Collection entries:
== Segment start ==

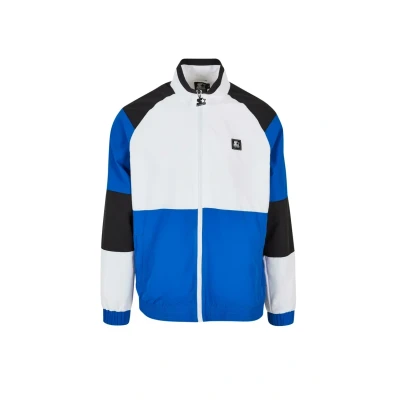 Afbeelding van Starter Retro Lichte jas, Heren, Maat: Small, White cobaltblue black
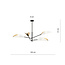 Emibig Emibig Svendborg 4x E14 beautiful black hanging lamp and white wings - Perfect lighting for any space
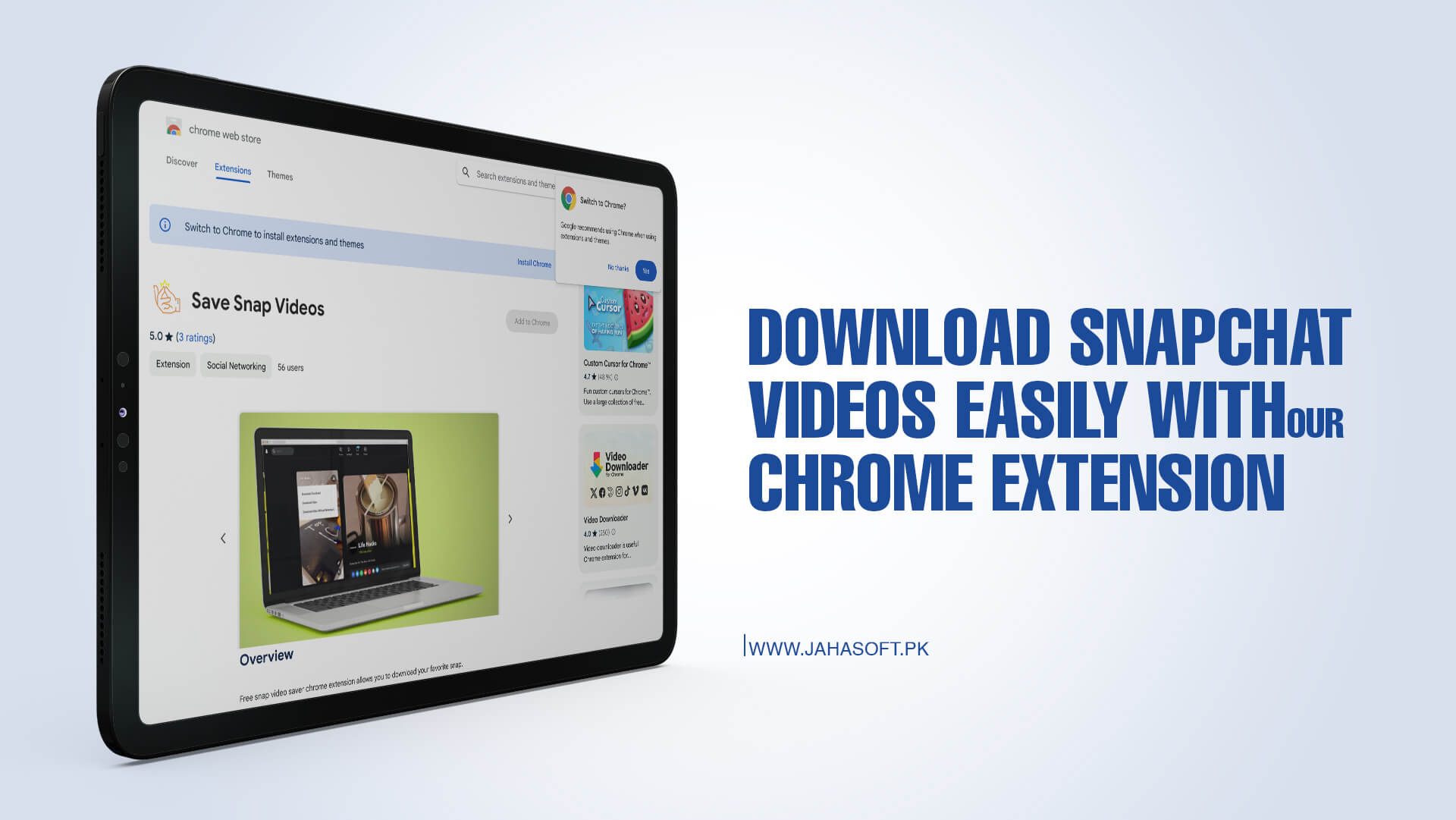 Snapchat Video Downloader Chrome Extension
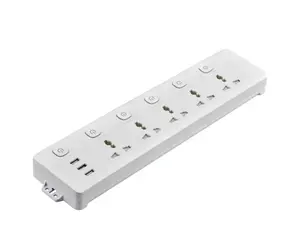 Custom Logo 13A Switched Electrical Power Strips Plug Socket Extension Cord With USB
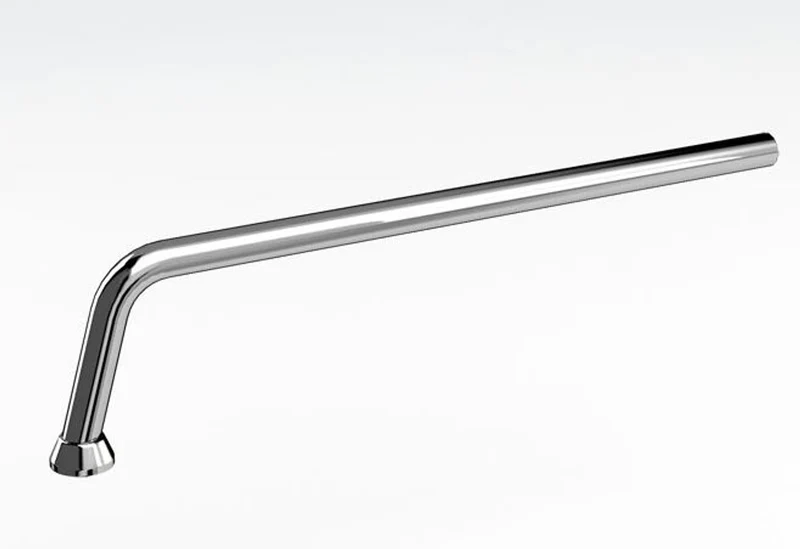 Ablaufrohr Chrom für Nostalgie Badewanne Naturstein freistehend 1700mm BCha - Ablauf Rohr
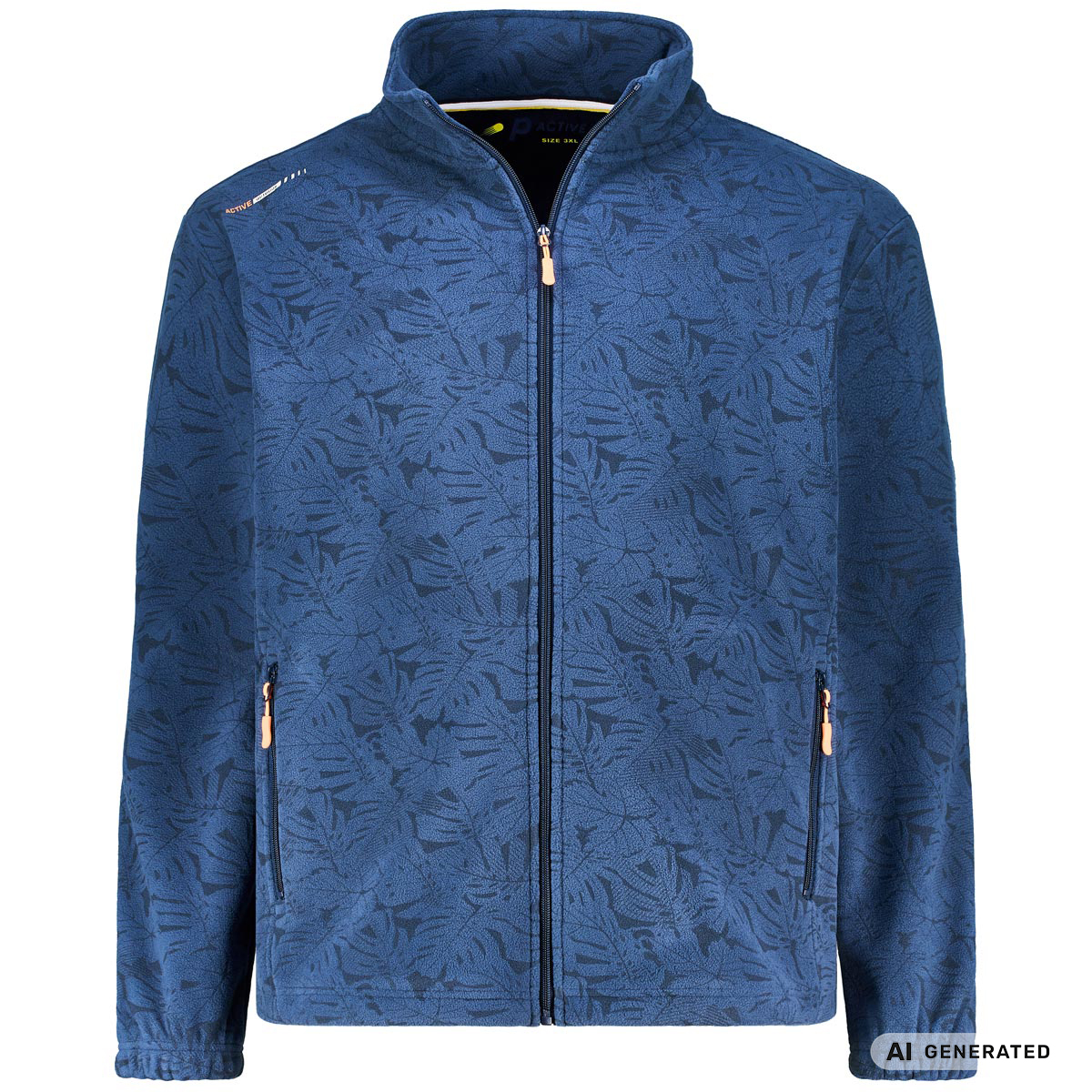 Pfundskerl p ACTIVE Fleecejacke mit Stretch mittelblau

== Segment end ==

| EXERCISE GOAL |
Output an exact copy of the lines from the one with "Emibig Emibig Svendborg" through the closing line of the records, inclusive, without any images.

| ANSWER SPACE |
 Emibig Emibig Svendborg 4x E14 beautiful black hanging lamp and white wings - Perfect lighting for any space
 Snapchat Video Downloader Chrome Extension
 Custom Logo 13A Switched Electrical Power Strips Plug Socket Extension Cord With USB
 Ablaufrohr Chrom für Nostalgie Badewanne Naturstein freistehend 1700mm BCha - Ablauf Rohr
 Pfundskerl p ACTIVE Fleecejacke mit Stretch mittelblau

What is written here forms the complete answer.